The owners of US chain of craft shops, Hobby Lobby, say they try and run their businesses along Christian lines. Their legal obligation, they say, to provide employees with health insurance that includes contraception cover, violates their religious freedom. And, in an important ruling this week the US Supreme Court this week agreed.
The scope of the ruling is disputed – the court majority insists it is specific and only applies to small, closely owned, largely family businesses. But for Justice Ruth Bader Ginsburg, author of a strong minority dissent, it was "a decision of startling breadth" whose reasoning significantly expanded corporate rights.
The court, dominated by conservatives who relish their role as warriors in the US social and political culture wars, also used the constitution's free speech provisions and similar reasoning to expand corporate power in 2011 in a landmark judgment, Citizens United. Then they struck down election spending curbs as an infringement of corporate free speech, in so doing explicitly acknowledging that companies share the rights of individual citizens.

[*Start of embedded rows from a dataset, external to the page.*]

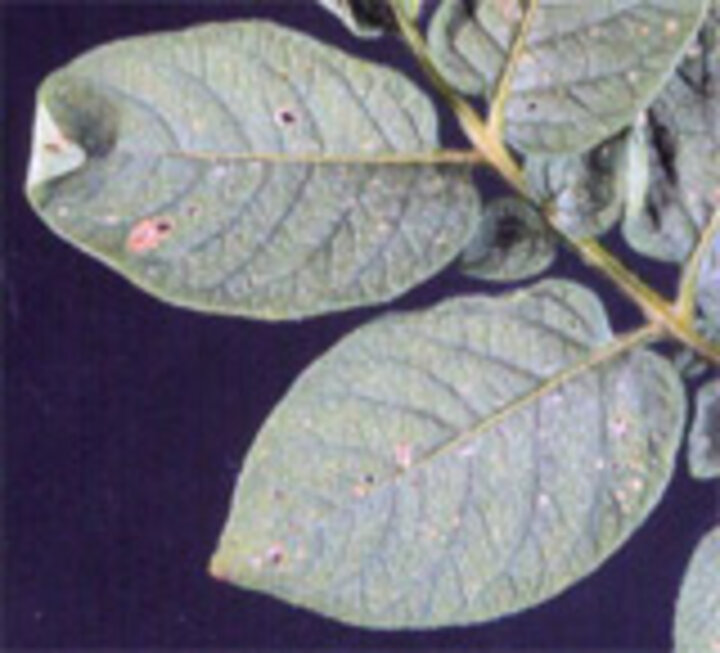 flea beetle leaf damage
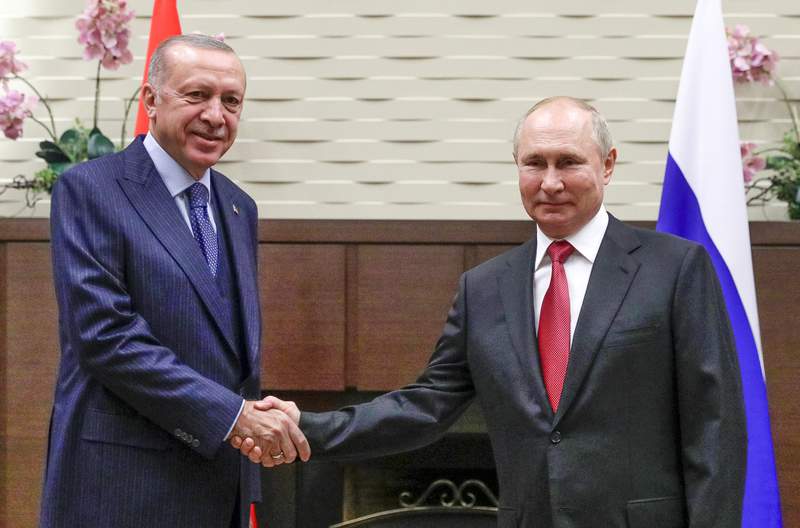 Putin, Erdogan sit down for talks on war-torn Syria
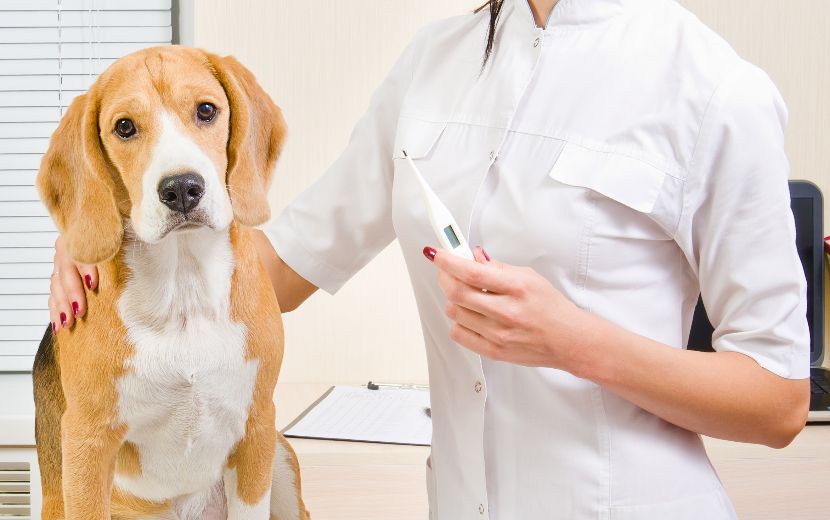 Termómetros para Cães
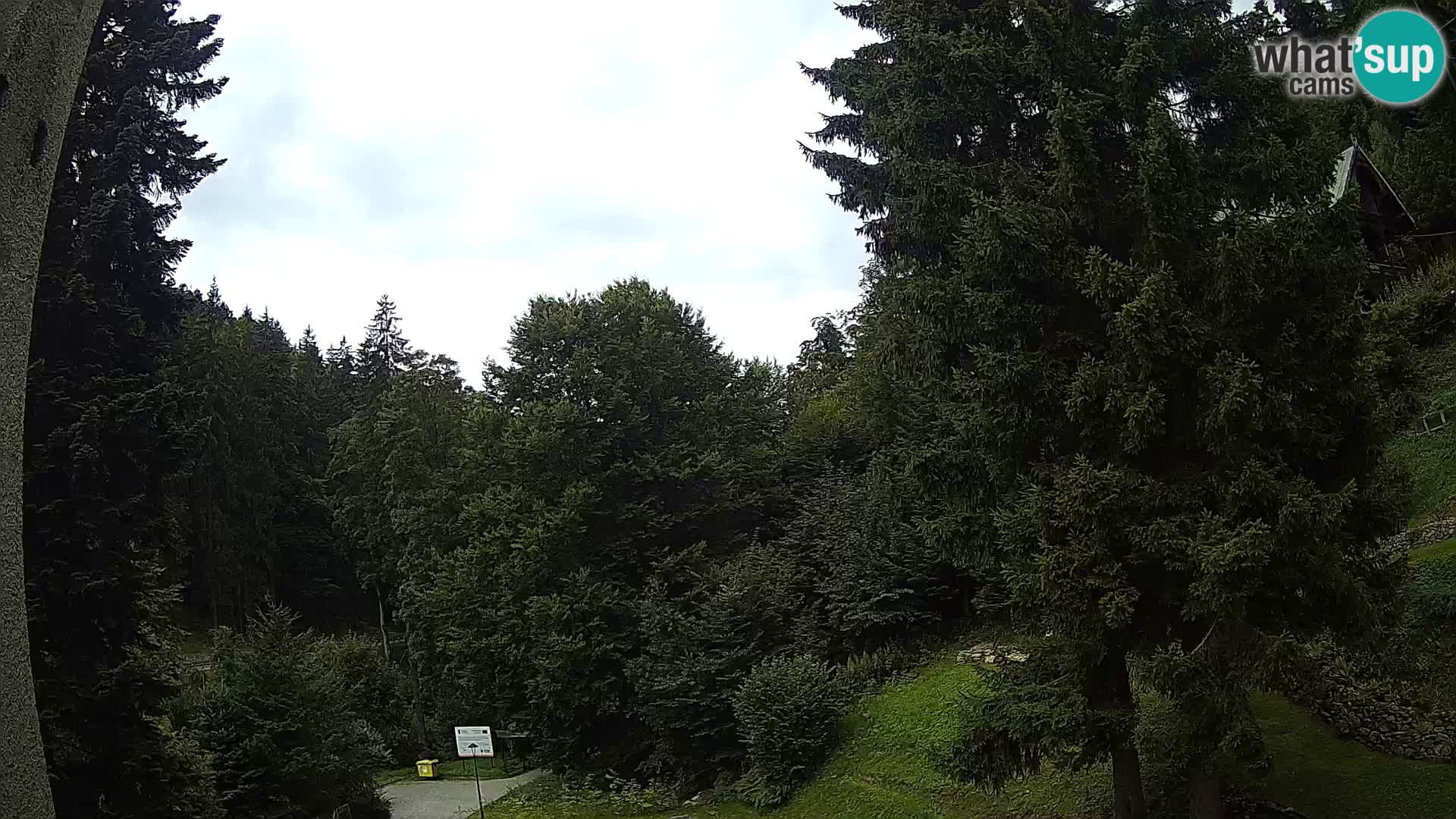 Webcam Spalona – centro scii da fondo live cam montagne Bystrzycki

And, again this week, the court, in balancing rights which it accepts – the right of women to access contraception, and that to freely exercise one's religion – decided to privilege the latter.
Bader Ginsburg attacked the majority opinion as a radical expansion of corporate rights, notably, for the first time, an extension of religious-freedom protections to “the commercial, profit-making world” that could apply to all corporations and to countless laws. A contraception coverage requirement, the minority argued, was vital to women’s health and reproductive freedom.
The argument over requiring employers, including church organisations , to provide such cover has been fought over between Democrats and Republicans in several recent elections – a poll last month by the Kaiser Foundation found 53 per cent of citizens in favour of such a requirement , regardless of whether it violates the owners’ religious beliefs.